Les erreurs les plus fréquemment relevées en audit
Au-delà des attentes positives, les auditeurs identifient régulièrement les mêmes défaillances :
- Le double comptage des crédits : un crédit annulé dans le registre du projet mais comptabilisé plusieurs fois dans les bilans de l’acheteur ou du vendeur.
- Des projets peu vérifiables : absence de documentation, de certificats ou de lien avec un registre public reconnu.
- Des sur-promesses marketing : des allégations de contribution à la neutralité carbone non compatibles avec la trajectoire de réduction réelle.
- Des données non auditables dans le temps : des indicateurs calculés ponctuellement, sans suivi continu ni cohérence d’une année sur l’autre.
Ces erreurs ne relèvent pas toujours d’une mauvaise foi de l’entreprise. Elles traduisent souvent un manque de structuration de la démarche : des actions menées sans gouvernance claire, des équipes non formées ou encore des partenaires non référencés.
Comment répondre concrètement aux attentes des auditeurs
Transformer sa démarche de contribution carbone en démarche auditable repose sur quatre piliers opérationnels.
1 – Mettre en place une gouvernance carbone claire : qui décide du choix des projets ? Qui valide les achats de crédits ? Qui est responsable du reporting ? Sans gouvernance formalisée, la traçabilité est impossible.
2 – S’appuyer sur des partenaires et experts reconnus : labels certifiés, bureaux de vérification indépendants, opérateurs de projets référencés. La qualité du réseau de partenaires est un signal de crédibilité pour les auditeurs.
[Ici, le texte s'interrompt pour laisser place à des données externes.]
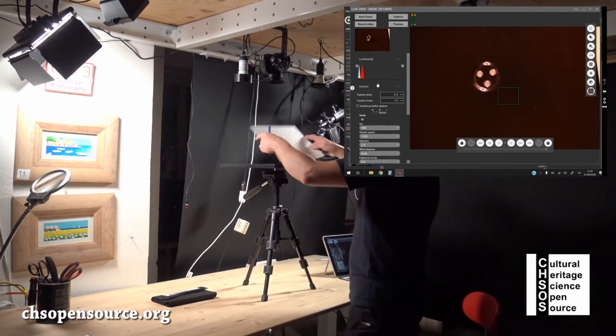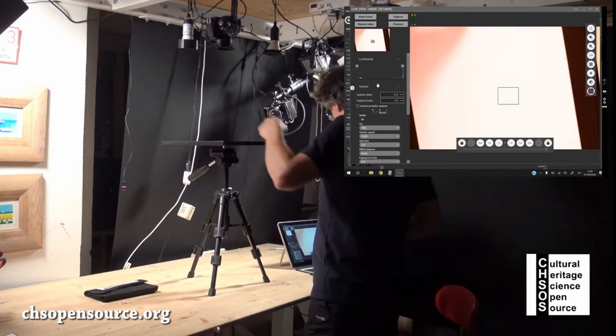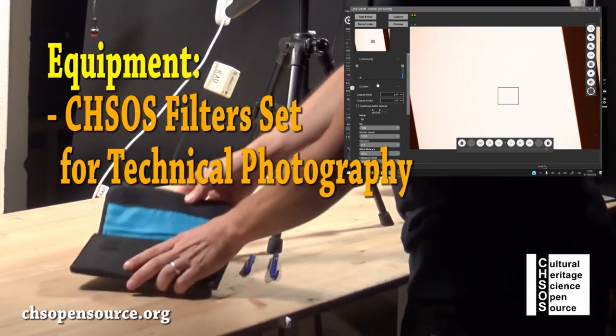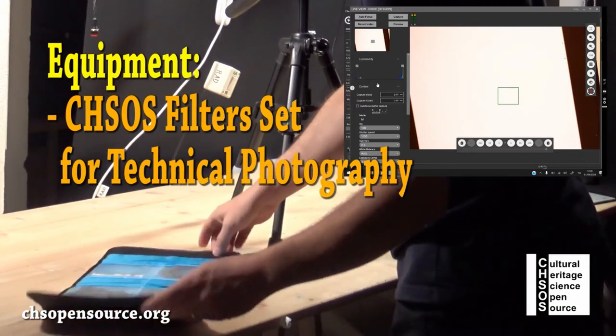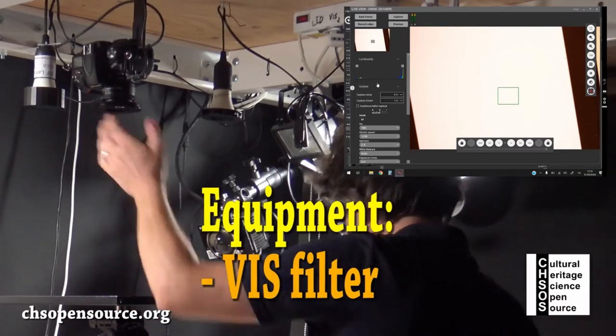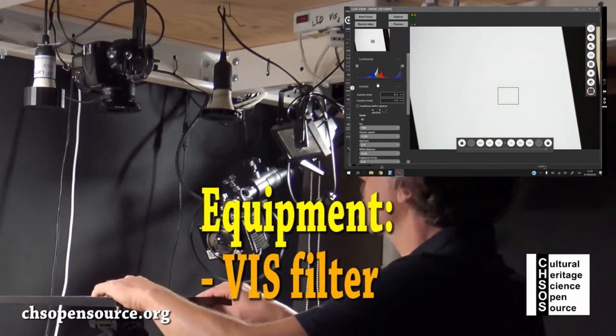On this sheet of paper, we will test two different blue pens. For this experiment, we will use our filter set for technical photography. We first use the VIS filter on the camera to have a standard visible range photo.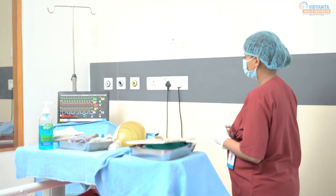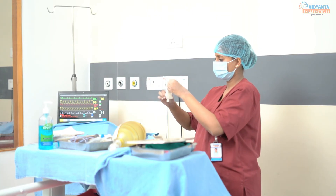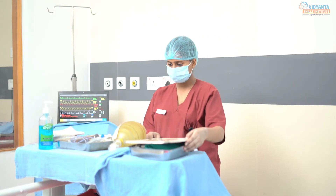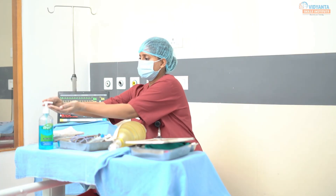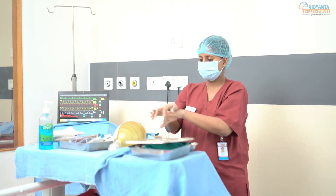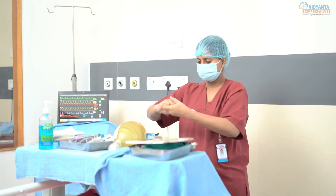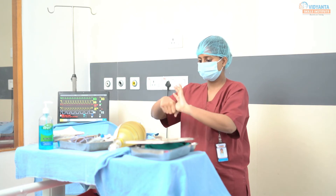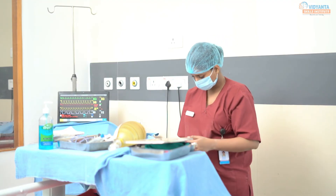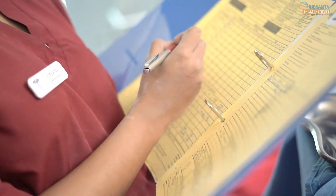After care: monitor the post-procedural vital signs. Discard the waste according to BMW policy and replace the articles. Perform hand hygiene. Document the procedure in the nurse's notes including stoma color and the client's breathing status before and after the procedure.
3 – Documenter les actions en continu, et non a posteriori : constituer les preuves (registres, contrats, certificats d’annulation, rapports de vérification) est bien plus solide que de reconstituer un dossier à l’approche d’un audit.
4 – Former les équipes RSE, finance et communication : les auditeurs CSRD échangent avec les différentes directions. Si les responsables financiers ne comprennent pas les méthodologies carbone, ou si les équipes marketing ignorent les contraintes du Label bas carbone, des incohérences apparaîtront inévitablement.
L’objectif final est clair : passer d’une logique d’achat de crédits à une véritable stratégie climat structurée et auditable. Ce changement de posture ne se décrète pas : il se construit progressivement, en alignant gouvernance, données, projets et communication autour d’une même ambition de décarbonation.
Article à lire en complément : Passer de la compensation à la contribution environnementale
Conclusion : les auditeurs comme accélérateurs de maturité
Les auditeurs accompagnent la démarche d’amélioration continue. Ils sont, pour les entreprises qui s’y préparent sérieusement, des accélérateurs de maturité climatique. Leur regard exigeant pousse à structurer ce qui était flou, à documenter ce qui était informel, à aligner ce qui était dispersé.
Les entreprises qui franchissent ce cap, celles qui passent d’une logique opportuniste à une logique structurée, transforment une contrainte réglementaire en avantage concurrentiel durable. Leur contribution carbone n’est plus un risque réputationnel : elle devient un actif stratégique, lisible, vérifiable, crédible.
Dans un contexte où le nombre d’entreprises engagées via la SBTi a franchi la barre des 10 900 en 2025³ et où les exigences réglementaires continuent de monter, les entreprises qui anticipent les attentes des auditeurs aujourd’hui seront celles qui pilotent leur crédibilité climatique demain.